(Exercise data begins)

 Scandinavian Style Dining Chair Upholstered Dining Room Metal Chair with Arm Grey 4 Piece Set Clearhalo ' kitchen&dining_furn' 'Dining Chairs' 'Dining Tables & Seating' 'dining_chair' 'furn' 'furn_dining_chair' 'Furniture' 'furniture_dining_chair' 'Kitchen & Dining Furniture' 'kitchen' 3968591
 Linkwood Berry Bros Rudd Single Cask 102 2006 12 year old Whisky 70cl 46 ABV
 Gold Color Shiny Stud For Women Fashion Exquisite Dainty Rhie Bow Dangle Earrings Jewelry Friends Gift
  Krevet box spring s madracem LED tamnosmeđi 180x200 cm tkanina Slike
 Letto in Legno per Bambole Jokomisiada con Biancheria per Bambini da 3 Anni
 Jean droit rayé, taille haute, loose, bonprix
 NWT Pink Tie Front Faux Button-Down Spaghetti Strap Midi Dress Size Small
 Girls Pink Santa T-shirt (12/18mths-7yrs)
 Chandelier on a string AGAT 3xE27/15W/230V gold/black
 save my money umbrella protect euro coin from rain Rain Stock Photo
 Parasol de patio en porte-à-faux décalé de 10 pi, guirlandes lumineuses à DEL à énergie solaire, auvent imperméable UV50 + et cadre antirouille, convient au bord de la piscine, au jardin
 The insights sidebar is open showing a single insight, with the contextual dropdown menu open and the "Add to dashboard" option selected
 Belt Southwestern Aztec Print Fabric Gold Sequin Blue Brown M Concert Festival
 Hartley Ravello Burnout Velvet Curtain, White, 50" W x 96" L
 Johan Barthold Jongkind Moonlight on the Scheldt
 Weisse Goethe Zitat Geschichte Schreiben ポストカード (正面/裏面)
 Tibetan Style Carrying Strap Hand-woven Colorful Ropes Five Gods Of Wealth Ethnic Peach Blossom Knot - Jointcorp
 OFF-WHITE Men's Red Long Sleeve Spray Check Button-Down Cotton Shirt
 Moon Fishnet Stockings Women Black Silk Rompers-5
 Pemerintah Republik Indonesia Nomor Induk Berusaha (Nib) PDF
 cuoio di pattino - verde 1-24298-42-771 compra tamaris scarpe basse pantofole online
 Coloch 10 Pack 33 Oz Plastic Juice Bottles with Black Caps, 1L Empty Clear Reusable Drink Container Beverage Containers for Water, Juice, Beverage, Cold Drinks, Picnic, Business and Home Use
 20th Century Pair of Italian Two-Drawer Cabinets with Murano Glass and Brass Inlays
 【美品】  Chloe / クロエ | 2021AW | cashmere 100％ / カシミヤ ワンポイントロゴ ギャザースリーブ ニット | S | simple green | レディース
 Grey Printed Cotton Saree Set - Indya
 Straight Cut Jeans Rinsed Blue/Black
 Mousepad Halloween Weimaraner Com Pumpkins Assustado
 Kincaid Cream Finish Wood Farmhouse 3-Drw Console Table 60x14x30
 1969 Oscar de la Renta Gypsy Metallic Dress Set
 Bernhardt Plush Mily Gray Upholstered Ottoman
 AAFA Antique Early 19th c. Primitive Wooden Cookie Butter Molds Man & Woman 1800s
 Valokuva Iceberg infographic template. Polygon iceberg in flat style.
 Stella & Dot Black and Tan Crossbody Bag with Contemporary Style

(Exercise data ends)

| Task statement |
Which lines contain "Cotton"? Copy each of them from the listing.

| Task output |
 OFF-WHITE Men's Red Long Sleeve Spray Check Button-Down Cotton Shirt
 Grey Printed Cotton Saree Set - Indya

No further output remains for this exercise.